Reputation: 311
I am a beginner with R. Now, I have a vector in a data.frame like this
city
Kirkland,
Bethesda,
Wellington,
La Jolla,
Berkeley,
Costa, Evie KW172NJ
Miami,
Plano,
Sacramento,
Middletown,
Webster,
Houston,
Denver,
Kirkland,
Pinecrest,
Tarzana,
Boulder,
Westfield,
Fair Haven,
Royal Palm Beach, Fl
Westport,
Encino,
Oak Ridge,
I want to clean it. What I want is all the city names before the comma. How can I get the result in R? Thanks!
Upvotes: 18
Views: 41527
Reputation: 1080
If the this was a column in a dataframe, we can use tidyverse.
library(dplyr)
x <- c("London, UK", "Paris, France", "New York, USA")
x <- as.data.frame(x)
x %>% separate(x, c("A","B"), sep = ',')
A B
1 London UK
2 Paris France
3 New York USA
Upvotes: 4
Reputation: 109844
This works as well:
x <- c("London, UK", "Paris, France", "New York, USA")
library(qdap)
beg2char(x, ",")
## > beg2char(x, ",")
## [1] "London" "Paris" "New York"
Upvotes: 2
Reputation: 49033
You can use gsub
with a bit of regexp :
cities <- gsub("^(.*?),.*", "\\1", df$city)
This one works, too :
cities <- gsub(",.*$", "", df$city)
Upvotes: 26
Reputation: 61154
Just for fun, you can use strsplit
> x <- c("London, UK", "Paris, France", "New York, USA")

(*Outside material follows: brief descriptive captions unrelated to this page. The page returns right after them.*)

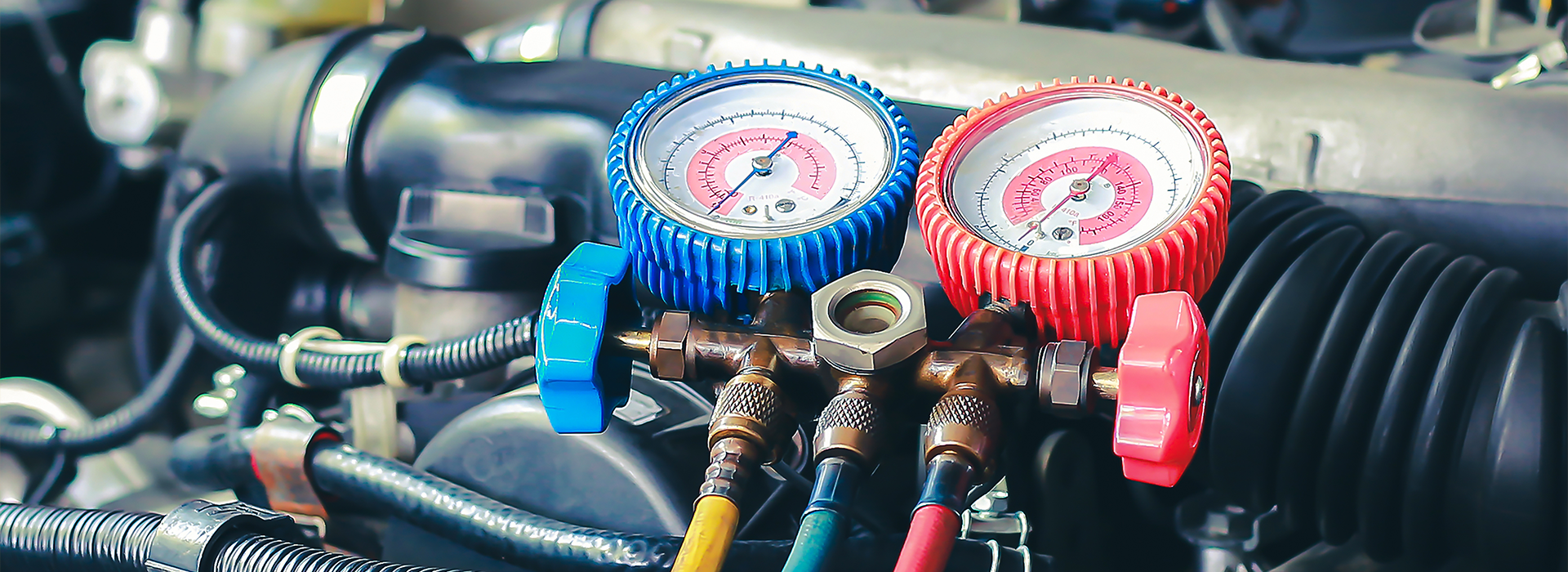 Car air conditioner check service, leak detection, fill refrigerant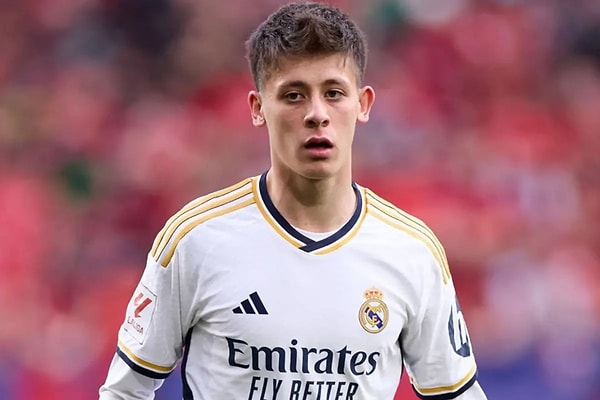 Oyundan alınması tepki çekti.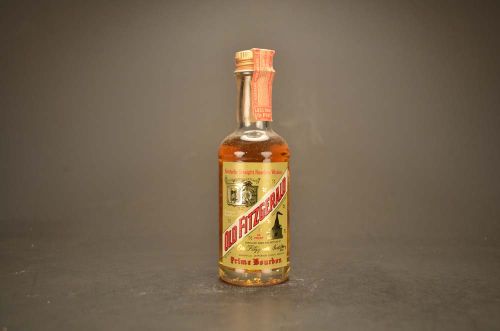 Old Fitzgerald-  Kentucky Straight Bourbon Whiskey 1284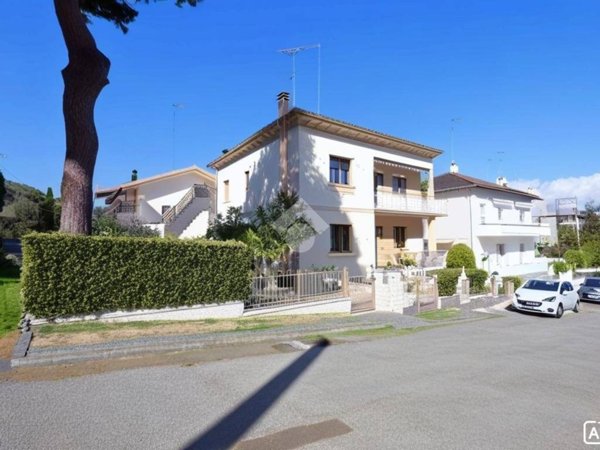 appartamento in vendita a Riccione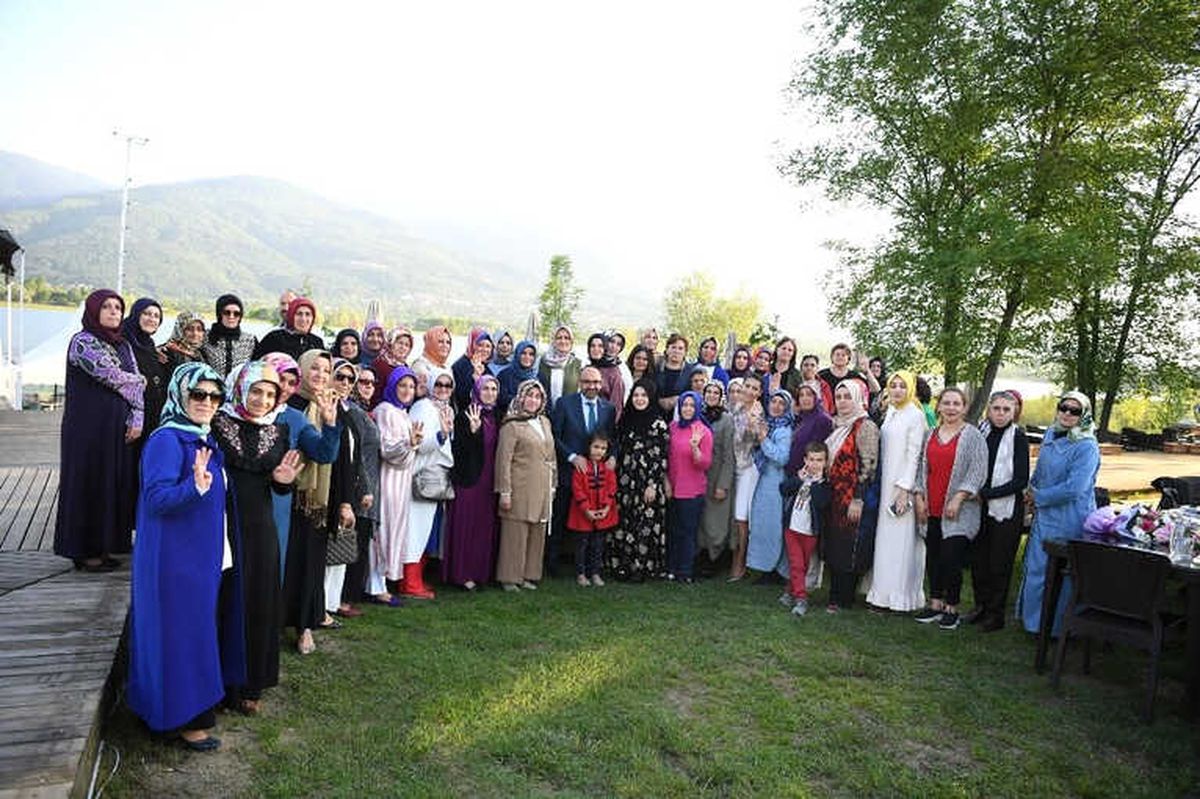 Başkan Üzülmez, Kartepeli Kadınlarla Buluştu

> sapply(strsplit(x, ","), "[", 1)
[1] "London" "Paris" "New York"
Upvotes: 7
Reputation: 66834
You could use regexpr
to find the position of the first comma in each element and use substr
to snip them at this:
x <- c("London, UK", "Paris, France", "New York, USA")
substr(x,1,regexpr(",",x)-1)
[1] "London" "Paris" "New York"
Upvotes: 4